Я использую сценарий кода, предназначенный для работы с TF 2.0, чтобы генерировать прогнозы для предварительно обученной базовой модели BERT для задачи НЛП. Я использую Python 3.7 и TF 2.1 в записной книжке Google Colab с использованием экземпляра, размещенного в облачном ТПУ. Я могу успешно запустить скрипт без ошибок и генерировать прогнозы, используя облачный GPU, но получаю следующие сообщения об ошибках при попытке запустить его с TPU (после включения TPU и указания на соответствующий IP-адрес для TPU ).
2020-02-09 01:17:36.155906: W tensorflow/stream_executor/platform/default/dso_loader.cc:55] Could not load dynamic library 'libnvinfer.so.6'; dlerror: libnvinfer.so.6: cannot open shared object file: No such file or directory; LD_LIBRARY_PATH: /usr/local/nvidia/lib:/usr/local/nvidia/lib64
2020-02-09 01:17:36.156040: W tensorflow/stream_executor/platform/default/dso_loader.cc:55] Could not load dynamic library 'libnvinfer_plugin.so.6'; dlerror: libnvinfer_plugin.so.6: cannot open shared object file: No such file or directory; LD_LIBRARY_PATH: /usr/local/nvidia/lib:/usr/local/nvidia/lib64
2020-02-09 01:17:36.156061: W tensorflow/compiler/tf2tensorrt/utils/py_utils.cc:30] Cannot dlopen some TensorRT libraries. If you would like to use Nvidia GPU with TensorRT, please make sure the missing libraries mentioned above are installed properly.

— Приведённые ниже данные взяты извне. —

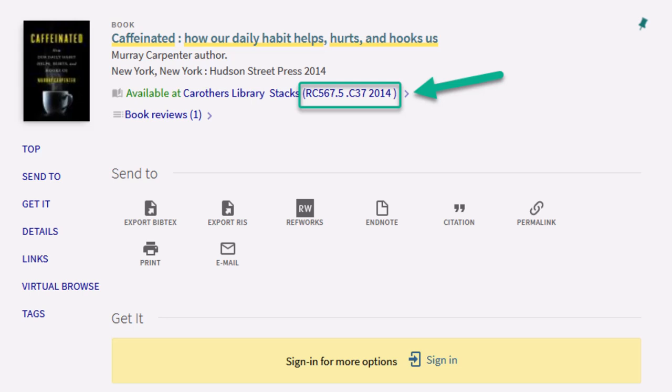the book Caffeinated: How Our Daily Habit Helps, Hurts, and Hooks Us by Murray Carpenter has a call number RC567.5 C37 2014, which you can find here on the record page.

WARNING:tensorflow:From tf_kaggle_test.py:188: The name tf.estimator.tpu.InputPipelineConfig is deprecated. Please use tf.compat.v1.estimator.tpu.InputPipelineConfig instead.
WARNING:tensorflow:From tf_kaggle_test.py:189: The name tf.estimator.tpu.RunConfig is deprecated. Please use tf.compat.v1.estimator.tpu.RunConfig instead.
WARNING:tensorflow:From tf_kaggle_test.py:194: The name tf.estimator.tpu.TPUConfig is deprecated. Please use tf.compat.v1.estimator.tpu.TPUConfig instead.
WARNING:tensorflow:From tf_kaggle_test.py:212: The name tf.estimator.tpu.TPUEstimator is deprecated. Please use tf.compat.v1.estimator.tpu.TPUEstimator instead.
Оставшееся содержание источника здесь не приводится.